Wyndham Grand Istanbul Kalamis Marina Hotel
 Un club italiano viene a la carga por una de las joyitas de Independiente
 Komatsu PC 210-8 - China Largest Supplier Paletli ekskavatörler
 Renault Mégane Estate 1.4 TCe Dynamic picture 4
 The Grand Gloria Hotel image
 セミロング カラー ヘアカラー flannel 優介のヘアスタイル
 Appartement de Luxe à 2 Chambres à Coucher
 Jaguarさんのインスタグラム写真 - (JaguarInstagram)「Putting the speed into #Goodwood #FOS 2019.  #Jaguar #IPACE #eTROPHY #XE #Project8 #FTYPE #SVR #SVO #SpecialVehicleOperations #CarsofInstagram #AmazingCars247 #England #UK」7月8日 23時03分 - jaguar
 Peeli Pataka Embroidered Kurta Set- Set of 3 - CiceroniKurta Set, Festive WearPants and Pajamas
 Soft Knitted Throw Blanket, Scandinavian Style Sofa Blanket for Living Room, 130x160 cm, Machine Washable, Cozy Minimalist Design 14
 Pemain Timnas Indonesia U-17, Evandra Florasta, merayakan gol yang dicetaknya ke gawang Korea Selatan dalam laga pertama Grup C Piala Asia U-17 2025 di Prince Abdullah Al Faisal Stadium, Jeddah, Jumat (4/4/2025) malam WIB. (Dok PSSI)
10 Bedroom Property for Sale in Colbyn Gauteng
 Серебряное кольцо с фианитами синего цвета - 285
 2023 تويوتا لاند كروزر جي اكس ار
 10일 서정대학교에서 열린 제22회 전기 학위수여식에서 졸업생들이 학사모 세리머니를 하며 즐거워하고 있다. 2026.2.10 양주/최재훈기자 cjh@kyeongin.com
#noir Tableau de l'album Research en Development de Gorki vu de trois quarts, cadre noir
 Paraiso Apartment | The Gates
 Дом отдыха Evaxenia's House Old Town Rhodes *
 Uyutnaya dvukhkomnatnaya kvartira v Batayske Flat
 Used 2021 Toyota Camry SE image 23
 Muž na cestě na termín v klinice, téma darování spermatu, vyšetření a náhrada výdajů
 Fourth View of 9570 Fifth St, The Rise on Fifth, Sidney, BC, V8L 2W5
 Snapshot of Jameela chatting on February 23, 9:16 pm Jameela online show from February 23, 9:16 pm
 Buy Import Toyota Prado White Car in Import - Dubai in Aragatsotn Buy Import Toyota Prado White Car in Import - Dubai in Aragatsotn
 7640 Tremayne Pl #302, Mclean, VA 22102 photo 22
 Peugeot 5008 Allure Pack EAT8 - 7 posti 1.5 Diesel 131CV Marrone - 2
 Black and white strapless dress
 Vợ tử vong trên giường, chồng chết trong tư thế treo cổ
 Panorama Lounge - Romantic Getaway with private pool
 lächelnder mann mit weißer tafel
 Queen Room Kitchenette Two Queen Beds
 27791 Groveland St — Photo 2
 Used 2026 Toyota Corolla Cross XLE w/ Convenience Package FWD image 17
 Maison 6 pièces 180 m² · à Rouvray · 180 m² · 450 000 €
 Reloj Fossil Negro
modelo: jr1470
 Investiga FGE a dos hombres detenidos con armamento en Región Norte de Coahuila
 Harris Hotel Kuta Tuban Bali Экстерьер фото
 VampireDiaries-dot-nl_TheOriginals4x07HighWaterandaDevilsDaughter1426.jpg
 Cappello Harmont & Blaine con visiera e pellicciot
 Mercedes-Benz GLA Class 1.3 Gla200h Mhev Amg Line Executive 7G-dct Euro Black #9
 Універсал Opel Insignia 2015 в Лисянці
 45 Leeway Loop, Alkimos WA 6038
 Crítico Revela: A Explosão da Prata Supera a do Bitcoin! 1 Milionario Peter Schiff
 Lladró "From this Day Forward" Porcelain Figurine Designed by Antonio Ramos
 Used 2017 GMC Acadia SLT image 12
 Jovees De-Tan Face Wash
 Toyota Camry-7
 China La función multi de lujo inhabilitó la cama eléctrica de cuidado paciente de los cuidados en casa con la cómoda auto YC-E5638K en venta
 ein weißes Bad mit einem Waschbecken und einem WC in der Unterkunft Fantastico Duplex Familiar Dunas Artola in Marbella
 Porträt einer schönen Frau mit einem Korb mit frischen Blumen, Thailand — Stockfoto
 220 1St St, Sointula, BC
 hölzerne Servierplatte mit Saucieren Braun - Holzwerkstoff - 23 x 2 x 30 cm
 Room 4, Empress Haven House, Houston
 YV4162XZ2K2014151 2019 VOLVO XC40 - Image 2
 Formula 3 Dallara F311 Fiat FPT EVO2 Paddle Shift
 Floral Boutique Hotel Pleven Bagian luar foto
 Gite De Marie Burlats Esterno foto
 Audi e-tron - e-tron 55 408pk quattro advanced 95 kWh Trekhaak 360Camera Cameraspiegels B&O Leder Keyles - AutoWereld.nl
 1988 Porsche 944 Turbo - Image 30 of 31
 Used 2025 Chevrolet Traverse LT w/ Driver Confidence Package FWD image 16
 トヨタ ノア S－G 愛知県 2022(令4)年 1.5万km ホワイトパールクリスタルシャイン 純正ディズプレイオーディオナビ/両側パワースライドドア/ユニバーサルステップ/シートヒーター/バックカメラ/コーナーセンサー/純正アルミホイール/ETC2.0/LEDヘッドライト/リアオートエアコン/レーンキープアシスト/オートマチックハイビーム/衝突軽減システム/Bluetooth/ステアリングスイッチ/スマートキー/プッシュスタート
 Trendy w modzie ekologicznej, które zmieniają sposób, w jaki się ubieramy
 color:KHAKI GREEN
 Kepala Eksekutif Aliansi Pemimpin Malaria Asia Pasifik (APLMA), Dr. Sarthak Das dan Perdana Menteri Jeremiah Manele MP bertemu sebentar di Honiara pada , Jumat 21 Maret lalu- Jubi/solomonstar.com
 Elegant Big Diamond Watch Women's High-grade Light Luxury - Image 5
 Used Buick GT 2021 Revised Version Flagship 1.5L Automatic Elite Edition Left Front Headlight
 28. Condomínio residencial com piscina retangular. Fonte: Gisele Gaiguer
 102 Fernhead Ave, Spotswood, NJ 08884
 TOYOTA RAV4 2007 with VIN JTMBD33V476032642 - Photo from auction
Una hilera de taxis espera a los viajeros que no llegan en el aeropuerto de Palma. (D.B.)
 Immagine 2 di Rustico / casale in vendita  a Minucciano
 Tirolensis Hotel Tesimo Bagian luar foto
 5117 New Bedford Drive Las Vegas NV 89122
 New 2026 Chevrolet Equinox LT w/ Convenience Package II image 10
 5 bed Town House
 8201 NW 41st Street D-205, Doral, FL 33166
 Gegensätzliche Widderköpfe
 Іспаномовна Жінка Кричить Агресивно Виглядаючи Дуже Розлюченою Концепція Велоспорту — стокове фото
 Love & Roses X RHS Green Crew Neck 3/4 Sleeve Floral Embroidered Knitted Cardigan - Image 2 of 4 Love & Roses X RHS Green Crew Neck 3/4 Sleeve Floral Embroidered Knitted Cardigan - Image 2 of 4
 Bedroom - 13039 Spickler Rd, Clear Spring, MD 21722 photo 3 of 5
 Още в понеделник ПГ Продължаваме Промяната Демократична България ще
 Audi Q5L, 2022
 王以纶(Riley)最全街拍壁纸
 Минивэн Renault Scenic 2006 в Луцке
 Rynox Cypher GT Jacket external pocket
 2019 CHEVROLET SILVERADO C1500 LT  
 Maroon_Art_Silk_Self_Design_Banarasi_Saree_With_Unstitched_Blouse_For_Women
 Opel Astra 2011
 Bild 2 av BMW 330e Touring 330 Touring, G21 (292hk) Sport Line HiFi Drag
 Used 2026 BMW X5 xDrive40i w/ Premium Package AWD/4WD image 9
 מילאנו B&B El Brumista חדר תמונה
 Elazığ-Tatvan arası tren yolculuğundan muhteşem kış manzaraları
+---+
● Assignment:
Reprint exactly the lines above that start at the one with "Appartement de Luxe à 2 Chambres à Coucher" and end at the one with "Queen Room Kitchenette Two Queen Beds", keeping both and adding none.

● Your solution:
 Appartement de Luxe à 2 Chambres à Coucher
 Jaguarさんのインスタグラム写真 - (JaguarInstagram)「Putting the speed into #Goodwood #FOS 2019.  #Jaguar #IPACE #eTROPHY #XE #Project8 #FTYPE #SVR #SVO #SpecialVehicleOperations #CarsofInstagram #AmazingCars247 #England #UK」7月8日 23時03分 - jaguar
 Peeli Pataka Embroidered Kurta Set- Set of 3 - CiceroniKurta Set, Festive WearPants and Pajamas
 Soft Knitted Throw Blanket, Scandinavian Style Sofa Blanket for Living Room, 130x160 cm, Machine Washable, Cozy Minimalist Design 14
 Pemain Timnas Indonesia U-17, Evandra Florasta, merayakan gol yang dicetaknya ke gawang Korea Selatan dalam laga pertama Grup C Piala Asia U-17 2025 di Prince Abdullah Al Faisal Stadium, Jeddah, Jumat (4/4/2025) malam WIB. (Dok PSSI)
10 Bedroom Property for Sale in Colbyn Gauteng
 Серебряное кольцо с фианитами синего цвета - 285
 2023 تويوتا لاند كروزر جي اكس ار
 10일 서정대학교에서 열린 제22회 전기 학위수여식에서 졸업생들이 학사모 세리머니를 하며 즐거워하고 있다. 2026.2.10 양주/최재훈기자 cjh@kyeongin.com
#noir Tableau de l'album Research en Development de Gorki vu de trois quarts, cadre noir
 Paraiso Apartment | The Gates
 Дом отдыха Evaxenia's House Old Town Rhodes *
 Uyutnaya dvukhkomnatnaya kvartira v Batayske Flat
 Used 2021 Toyota Camry SE image 23
 Muž na cestě na termín v klinice, téma darování spermatu, vyšetření a náhrada výdajů
 Fourth View of 9570 Fifth St, The Rise on Fifth, Sidney, BC, V8L 2W5
 Snapshot of Jameela chatting on February 23, 9:16 pm Jameela online show from February 23, 9:16 pm
 Buy Import Toyota Prado White Car in Import - Dubai in Aragatsotn Buy Import Toyota Prado White Car in Import - Dubai in Aragatsotn
 7640 Tremayne Pl #302, Mclean, VA 22102 photo 22
 Peugeot 5008 Allure Pack EAT8 - 7 posti 1.5 Diesel 131CV Marrone - 2
 Black and white strapless dress
 Vợ tử vong trên giường, chồng chết trong tư thế treo cổ
 Panorama Lounge - Romantic Getaway with private pool
 lächelnder mann mit weißer tafel
 Queen Room Kitchenette Two Queen Beds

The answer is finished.